NBA Top Shot was created as a joint venture between the National Basketball Association and Dapper Labs. Top Shot is a blockchain-based platform that allows sports fans to buy, sell, and trade unique versions of officially licensed video highlights. The project’s digital marketplace is designed to be intuitive and accessible for sports fans and collectors who are not necessarily familiar with cryptocurrencies and blockchain technology. The platform’s underlying blockchain technology provides several unique benefits to those involved in NBA Top Shot, and enables a wide array of cutting-edge features.
NBA Top Shot: A New Way to Ball
NBA Top Shot is a joint digital collectibles venture between the National Basketball Association (NBA) and Dapper Labs, the latter of which released the pioneering NFT CryptoKitties platform in 2017. NBA Top Shot is a blockchain-based platform that allows sports fans to buy, sell, and trade unique versions of officially licensed video highlights. The project originated in 2019, spent most of 2020 in development, and rose to popularity with upwards of a million registered users in 2021.

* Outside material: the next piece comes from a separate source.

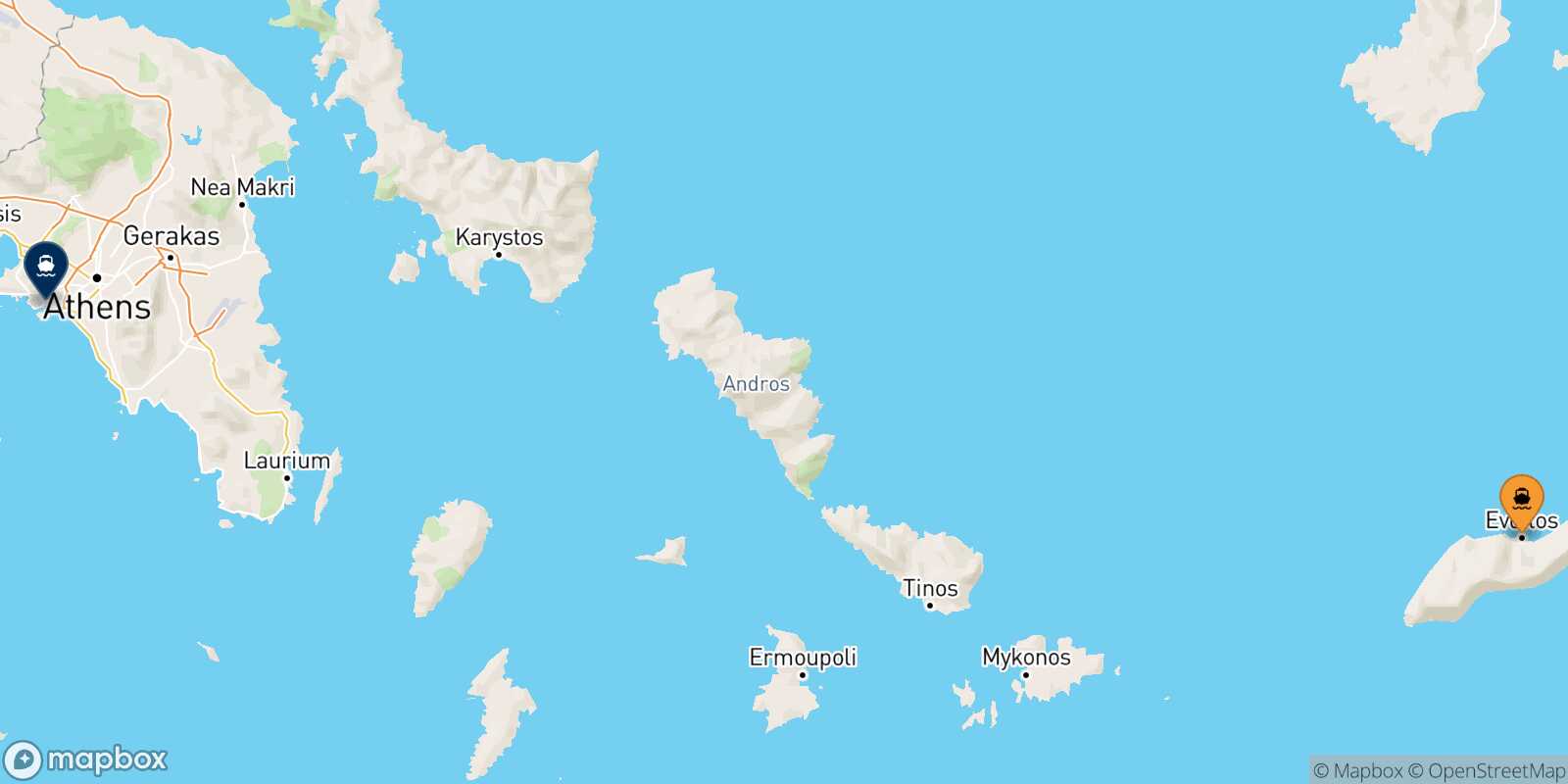 Agios Kirikos (Ikaria) Piraeus route map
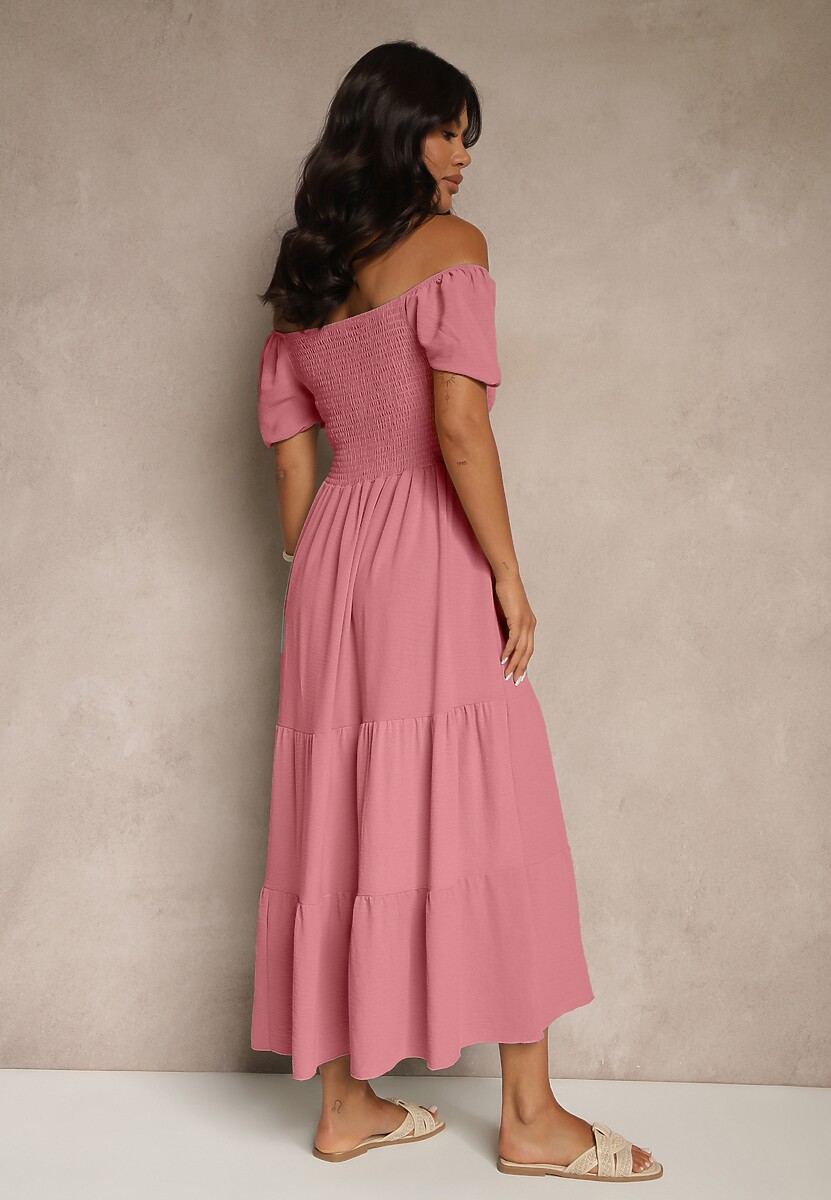 Ciemnoróżowa Sukienka Hiszpanka z Marszczoną Górą Lumirielle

NBA Top Shot taps into an enthusiastic consumer base, and drives blockchain adoption by lowering barriers to entry, requiring minimal understanding of the underlying technology itself. Top Shot’s digital marketplace is designed to be intuitive and accessible for sports fans and collectors of trading cards and other sports memorabilia, regardless of familiarity level with cryptocurrencies and blockchain technology.
What Is NBA Top Shot?
At its core, NBA Top Shot offers fans the chance to collect “Moments,” which are tradable non-fungible tokens (NFTs) that contain a video clip of a specific game highlight as well as other relevant information, such as statistics about the specific game and the player featured in the clip. Each NBA Moment has a unique serial code and a provably fixed total supply cap, leveraging the Flow blockchain. Here's what a moment looks like.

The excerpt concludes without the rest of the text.